#### EXERCISE OBJECTIVE:
Give back every line of the data exactly. Pictures are not part of the copy.

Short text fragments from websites

+++

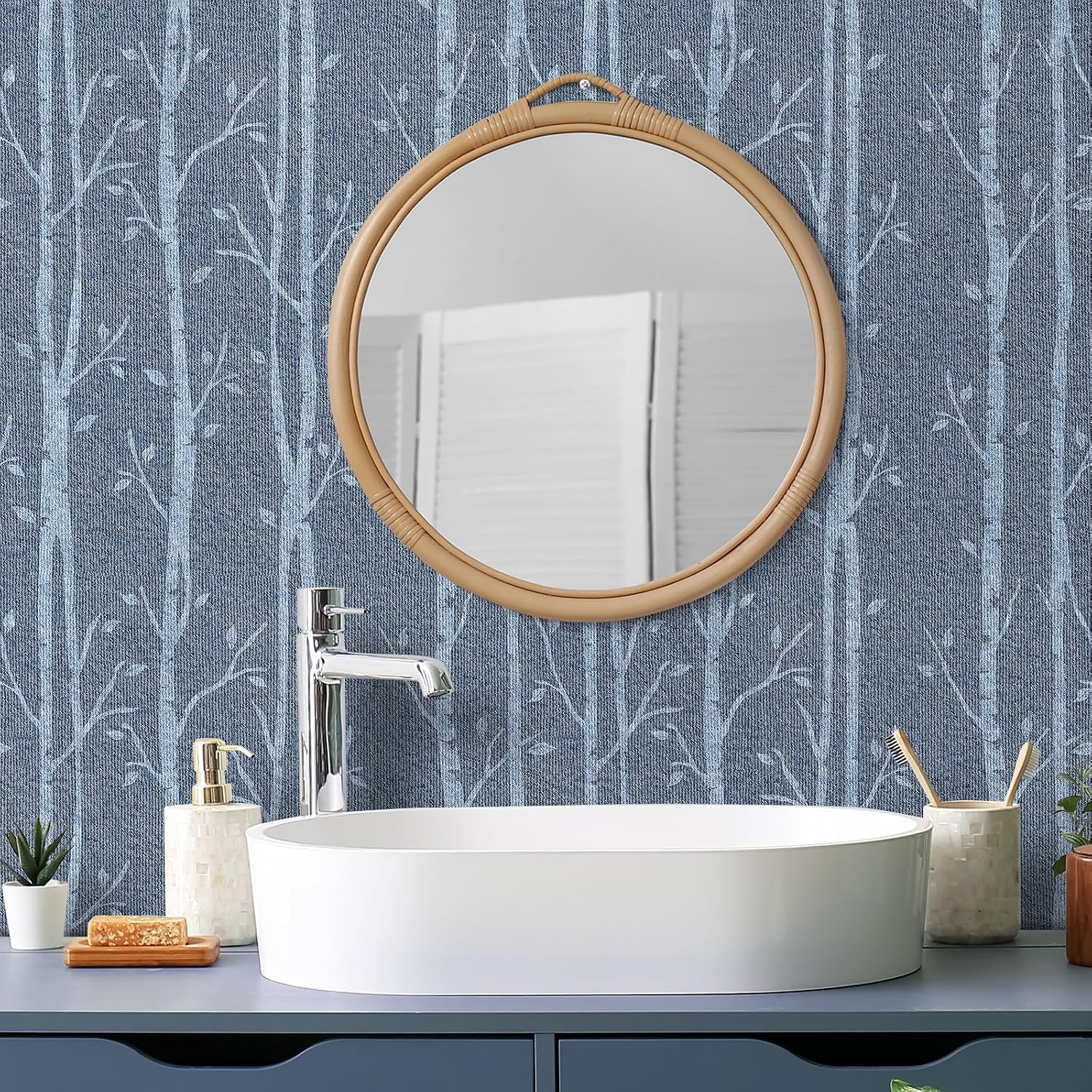 Livelynine 17.5x591" Blue Accent Wallpaper Peel and Stick Dark Blue Fabric Tree Wall Paper for Bedrooms Office Living Room Nursery Boy Renter Friendly Mid Century Self Adhesive Contact Paper for Walls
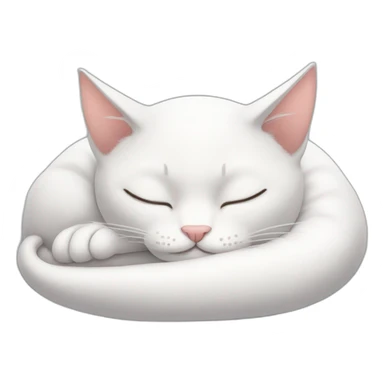 White gato sleep sticker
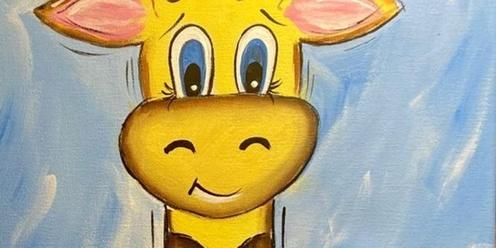 Casino Kids Painting Class Cartoon Giraffe on 11th July - Creative Kids Vouchers Expire 30th June 23 - Book Ahead Now!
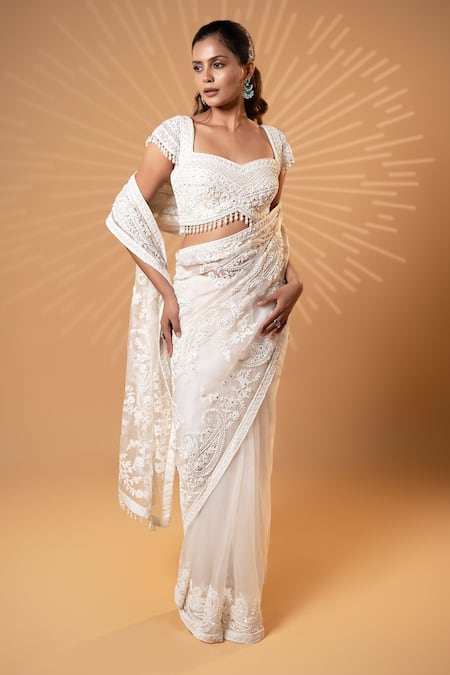 Jiya by Veer Design Studio Pre-Draped Saree With Embroidered Blouse 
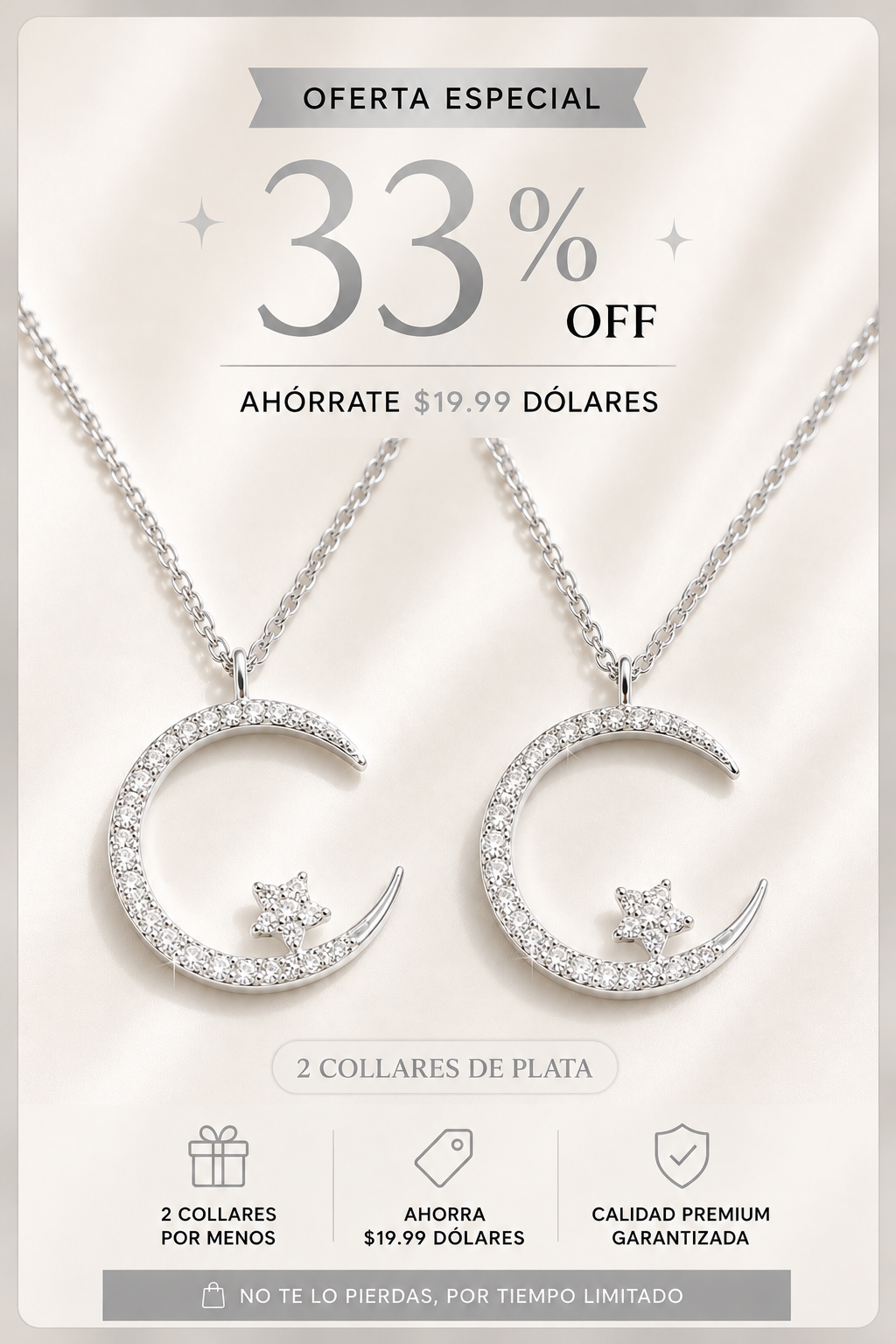 Isabella | Collar brillante con colgante de estrella y luna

+++

#### EXERCISE ANSWER:
 Livelynine 17.5x591" Blue Accent Wallpaper Peel and Stick Dark Blue Fabric Tree Wall Paper for Bedrooms Office Living Room Nursery Boy Renter Friendly Mid Century Self Adhesive Contact Paper for Walls
 White gato sleep sticker
 Casino Kids Painting Class Cartoon Giraffe on 11th July - Creative Kids Vouchers Expire 30th June 23 - Book Ahead Now!
 Jiya by Veer Design Studio Pre-Draped Saree With Embroidered Blouse 
 Isabella | Collar brillante con colgante de estrella y luna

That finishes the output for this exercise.